The UofL study is believed to be the first to connect biomarkers for chronic disease risk to factors such as stress, employee capacity for work assigned, workplace physical and social environment and whether we see our work as meaningful. The findings are published in the International Journal of Environmental Research and Public Health.
These factors are part of a new concept the UofL researchers have coined “Work Determinants of Health,” which they hope will become a model for both employers and employees to better understand the health impacts of workplace culture.
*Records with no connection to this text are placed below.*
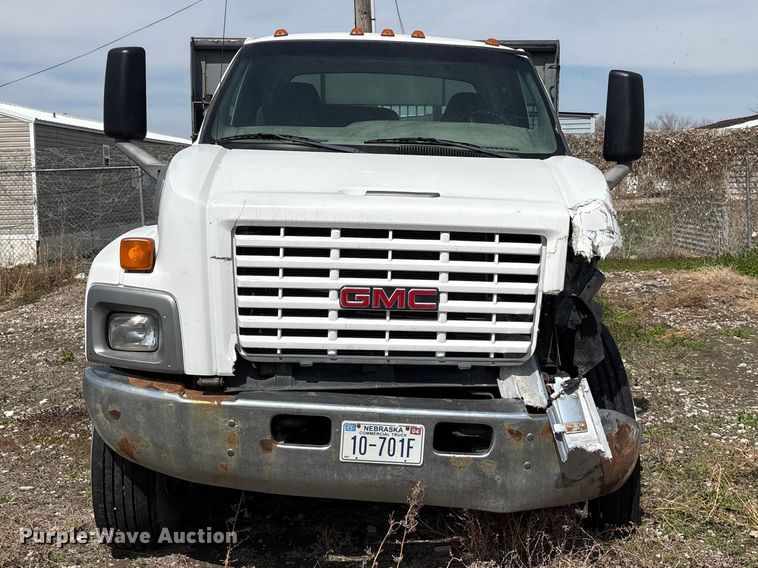 image for item FG2872 2006 GMC C6500 flatbed truck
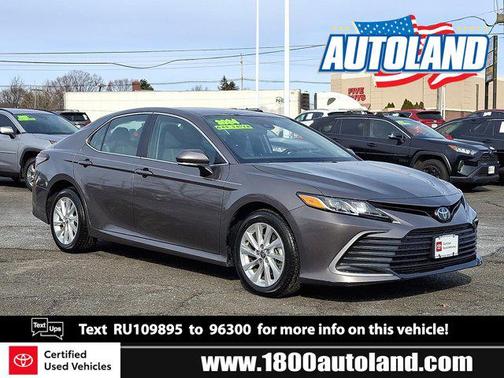 2024 Toyota Camry LE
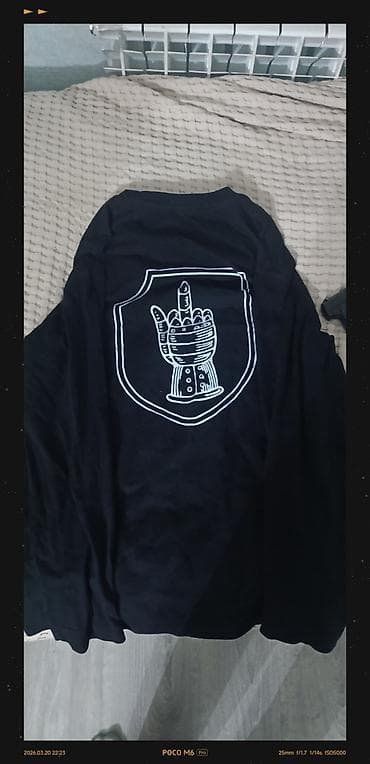 Лонгслив, цвет - Черный, M at lalafo.kg Лонгслив, цвет - Черный, M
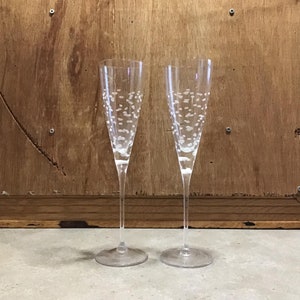 Champagne Glasses, 2 Vintage Champagne Flutes - Pair of Toasting Champagne Glasses - Barware - Vintage Stemware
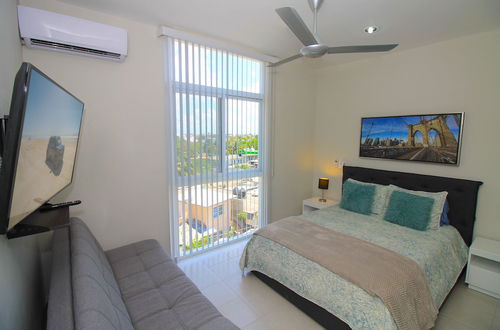 Photo 4 - Riviera Towers 2BR & Pool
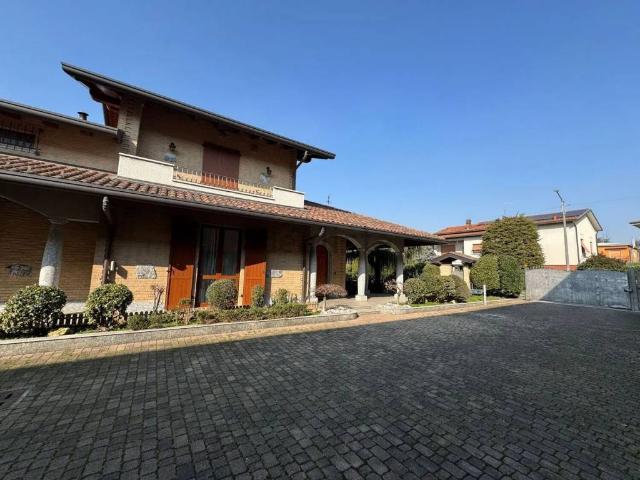Villa Indipendente in vendita a Cabiate, Lombardia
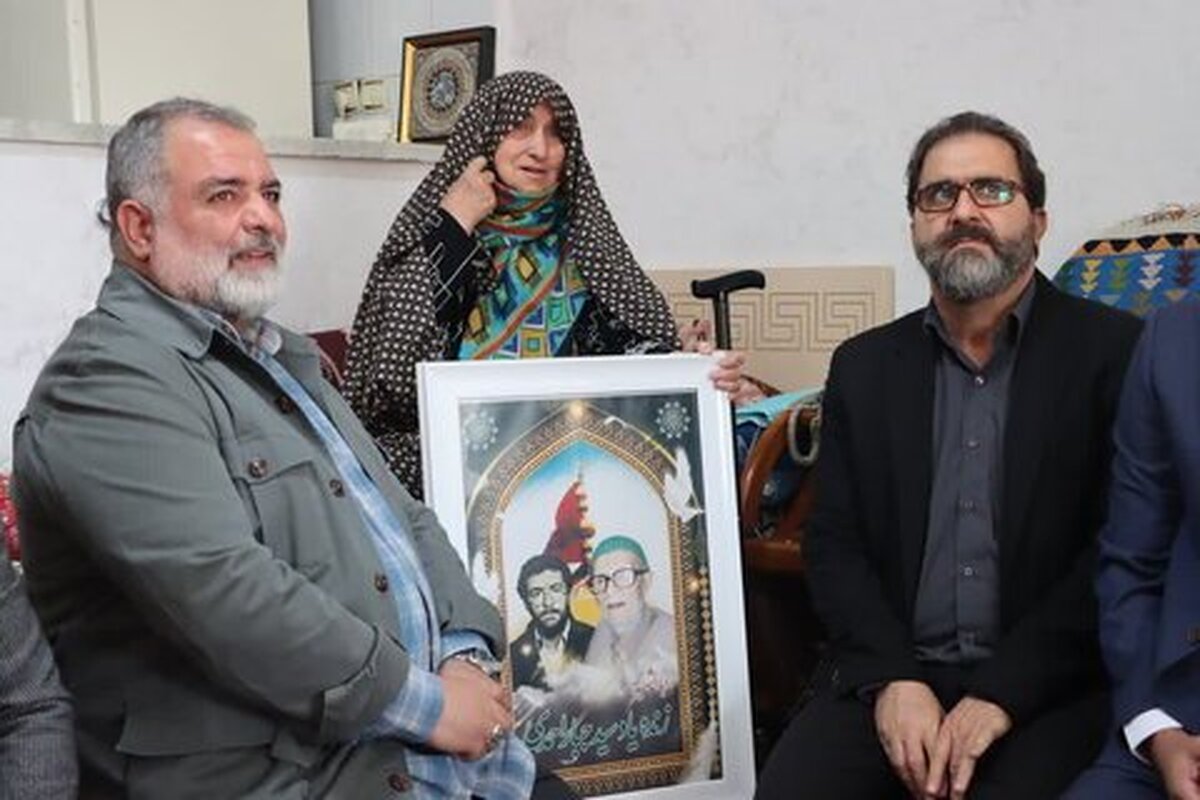 ادای احترام مدیر منطقه ۱ شهرداری کرج به مادر شهید حسینی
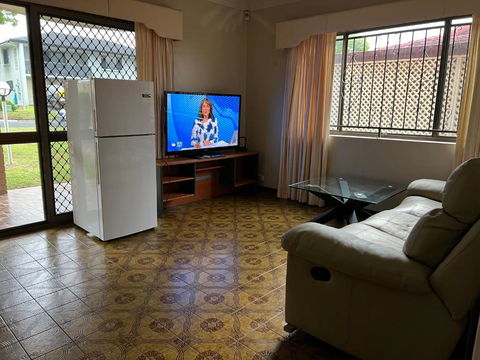 Aspley Large Room & Share Bathroom With Other Guests - Kempsey Accommodation 0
“For a long time, we’ve assumed that workplace culture can impact our health,” said Brad Shuck, an author on the study and organizational culture researcher in UofL’s College of Education and Human Development. “This study shows, in biological terms, that assumption is true and improving our understanding of these links could help both employees and employers make better, more informed decisions that keep everyone healthy and happy in their work environments.”
In the study, Shuck and UofL Christina Lee Brown Envirome Institute researchers Kandi Walker, Joy Hart and Rachel Keith asked participants to complete questionnaires on their well-being and work determinants of health factors, such as how engaged and positive or negative they felt about their work environment. Walker and Hart hold faculty appointments in the College of Arts & Sciences and Keith is a faculty member in the School of Medicine.